I’m a cheerful holder

For the document, my household portfolio owns this FTSE 100 inventory, paying 43.5p a share in mid-2022 for our holding. So far, we’re sitting on a paper acquire of 129.8%, plus many dividends in addition.

I’m stunned such a ‘boring, old-economy’ inventory has generated such spectacular returns over the previous 3½ years. We purchased Lloyds shares for his or her then-generous dividend yield, which has fallen steeply because the share value soared. Then once more, as a long-term worth investor, I’ll fortunately take my income nevertheless they arrive.
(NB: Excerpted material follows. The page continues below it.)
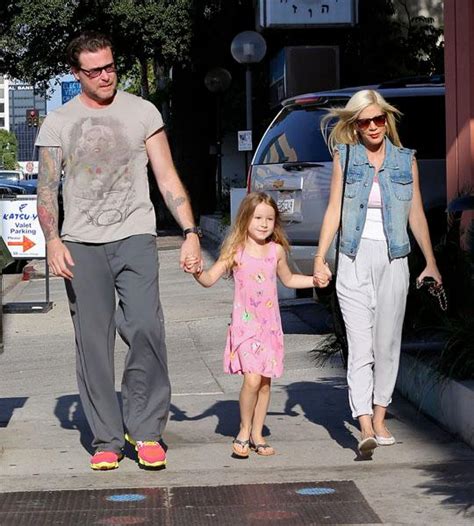 Putting It Back Together Tori Spelling And Dean Mcdermott Hold Hands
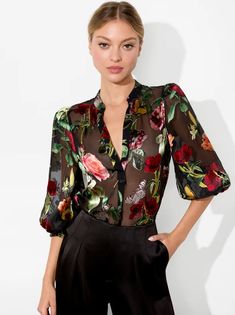 Embrace feminine charm with the SHEILA Blouse featuring delicate floral details. Perfect for both casual and dressed-up looks, this blouse offers a stylish, versatile addition to your wardrobe. A must-have for effortless elegance! Puff Sleeve Tops, Latest Designer Dresses, Tube Tops, Pure Romance, Floral Butterfly, Designer Tops, Crop Top Blouse, Puffed Sleeves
Talking of dividends, the Lloyds payout rose sharply from 2p for 2021 to three.17p for 2024, a leap of 58.5% in three years. I anticipate this shareholder reward to maintain rising modestly — perhaps rising at excessive single-digit percentages.

Lloyds isn’t low-cost anymore

At present value ranges, these shares commerce on nearly 15.2 instances historic earnings, delivering an earnings yield of 6.6% a yr. Which means that the dividend yield of three.3% a yr is roofed twice by trailing earnings, which is a powerful margin of security.

To me, these don’t resemble the basics of a screaming purchase. For instance, after we purchased Lloyds shares, the dividend yield was nearly twice its present stage. Moreover, the share value is nearly twice its 2025 low of 52.43p, hit nearly a yr in the past on 10 January 2025.

What subsequent for this Footsie inventory? With rates of interest anticipated to fall this yr and the housing market wanting weak, I’m not anticipating an excessive amount of pleasure in 2026. Maybe a peak of 115p for an additional acquire of 15%, however who is aware of? However although Lloyds shares are now not a cut price purchase, it would take one other disaster to persuade me to promote our inventory!